An .htaccess (hypertext access) file is a plain text configuration file for web servers that overrides the global server settings for the directory where the file is placed. They can be innovatively used to prevent web scraping.

Before we discuss the specific methods, let me clear up one small fact: If something is publicly available, it can be scraped. The steps that we discuss here can only make things more difficult, not impossible. However, what would you do if someone is smart enough to bypass all your filters? We have a solution for that too.

Getting Started with .htaccess

Since the use of .htaccess files involves Apache checking and reading all .htaccess files on every request, it is generally turned off by default. There are different processes to enable it in Ubuntu, OS X and Windows. Your .htaccess files will be interpreted by Apache only after you enable them, or they will be simply ignored.

Next, in most of our use cases, we will be using the RewriteEngine of Apache, which is a part of the mod_rewrite module. If necessary, you could check out a detailed guide on how to set up mod_rewrite for Apache or a general guide on .htaccess.

Once you have completed these, you are ready to proceed with the solutions discussed here on dealing with content scrapers. If you haven’t completed either of these steps successfully, Apache will ignore your .htaccess files or raise an error when you restart it after making changes.

Prevent Hotlinking

If someone scrapes your content, all your inline HTML remains the same. This means that the links to the images that were part of your content (and most probably hosted on your domain) remain the same. If the scraper wishes to put the content on a different website, the image would still link back to the original source. This is called hotlinking. Hotlinking costs you bandwidth because every time someone opens the scraper’s site, your image is downloaded.

You can prevent hotlinking by adding the following lines to your .htaccess file.

RewriteEngine on
RewriteCond %{HTTP_REFERER} !^$

# domains that can link to your content (images here)
RewriteCond %{HTTP_REFERER} !^http(s)?://(www\.)?mysite.com [NC]

# show no image when hotlinked
RewriteRule \.(jpg|png|gif)$ – [NC,F,L]

# Or show an alternate image
# RewriteRule \.(jpg|png|gif)$ http://mysite.com/forbidden_image.jpg [NC,R,L]

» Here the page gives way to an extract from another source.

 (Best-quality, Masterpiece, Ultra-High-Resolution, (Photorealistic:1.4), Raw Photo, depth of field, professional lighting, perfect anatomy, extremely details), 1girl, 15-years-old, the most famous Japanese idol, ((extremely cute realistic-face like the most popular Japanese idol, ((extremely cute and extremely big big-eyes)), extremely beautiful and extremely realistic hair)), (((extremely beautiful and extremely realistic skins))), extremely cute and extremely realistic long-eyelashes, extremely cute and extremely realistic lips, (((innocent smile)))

Some notes about the code:

  • Switching on RewriteEngine gives us the ability to redirect the user’s request.
  • RewriteCond specifies which requests should be redirected. %{HTTP_REFERER} is the variable that contains the domain from which the request was made.
  • Then we match it with our own domain mysite.com. We add (www\.) to ensure requests from both mysite.com and www.mysite.com are allowed. Similarly, our code covers http and https.
  • Next, we check if a jpg, png, or gif file was requested, and either show an error or redirect the request to an alternate image.
  • NC ignores the case, F shows a 403 Forbidden error, R redirects the request, and L stops rewriting.
  • Note that you should apply only one of the rules above (either the 403 error or the alternate image). This is because as soon as L is encountered, Apache would not apply any other rules. In the code example above, the alternate image method is commented out.

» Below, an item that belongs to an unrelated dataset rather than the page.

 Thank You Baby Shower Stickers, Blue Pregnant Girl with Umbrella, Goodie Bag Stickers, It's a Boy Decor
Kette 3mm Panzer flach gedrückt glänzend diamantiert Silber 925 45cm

How Can Web Scrapers Bypass This?

One way for a web scraper to bypass such a hurdle is to download images as it encounters them in the HTML code. In such a case, a regular expression check can be applied, the images downloaded, and the links of the images changed while storing the data in the system.

Allow or Block Requests From Specific IP Addresses

If you happen to determine the origin of the requests of the web scraper (usually, it’s an unnaturally high number of requests from the same IP address), you can block requests from that IP address.

Order Deny
Deny from xxx.xxx.xxx.xxx

In the code above (and in other examples in this article) you would replace xxx.xxx.xxx.xxx with the IP address you want to block. If you are really paranoid about security, you could deny requests from all IP addresses and selectively allow from a whitelist of IP addresses:

order deny,allow
Deny from all
# IP Address whitelist 
allow from xx.xxx.xx.xx
allow from xx.xxx.xx.xx

One use case for this technique (not related to web scraping) is blocking access to the WordPress’s wp-admin directory. In such a case, you would allow requests from only your IP address, eliminating the possibility of someone hacking your site via wp-admin.

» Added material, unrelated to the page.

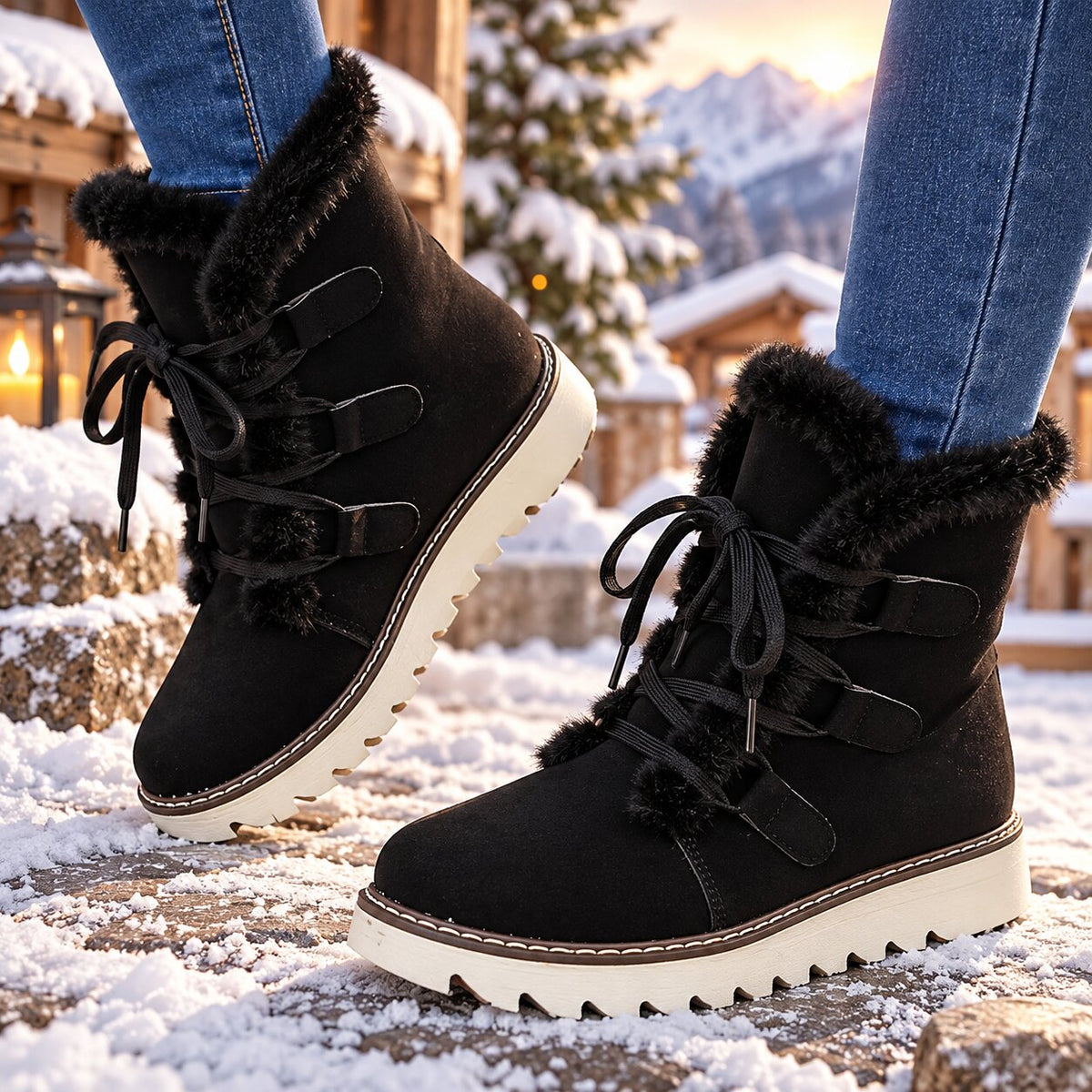 Georgina | Faux Fur Lace Up Ankle Boots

How Can Web Scrapers Bypass This?

If a web scraper has access to proxies, it could distribute its requests over the list of IP addresses to avoid abnormal activity from one IP address.

To explain: Let’s say someone is scraping your site from IP address 1.1.1.1. So you block 1.1.1.1 using .htaccess. Now, if the scraper has access to a proxy server 2.2.2.2, it routes its request through 2.2.2.2, so it appears to your server that the request is coming from 2.2.2.2. So, in spite of blocking 1.1.1.1, the scraper is still able to access the resource.

Thus, if the scraper has access to thousands of these proxies, it can become undetectable if it sends requests in low numbers from each proxy.

Redirect Requests From an IP Address

You can not only block any IP address, you can redirect them to a different page too:

RewriteCond %{REMOTE_ADDR} xxx\.xxx\.xxx\.
RewriteRule .* http://mysite.com [R,L]

If you redirect them to a static site, chances are the scraper will figure this out. However, you can go one step further and do something a bit more innovative. For that, you need to understand how your content is scraped.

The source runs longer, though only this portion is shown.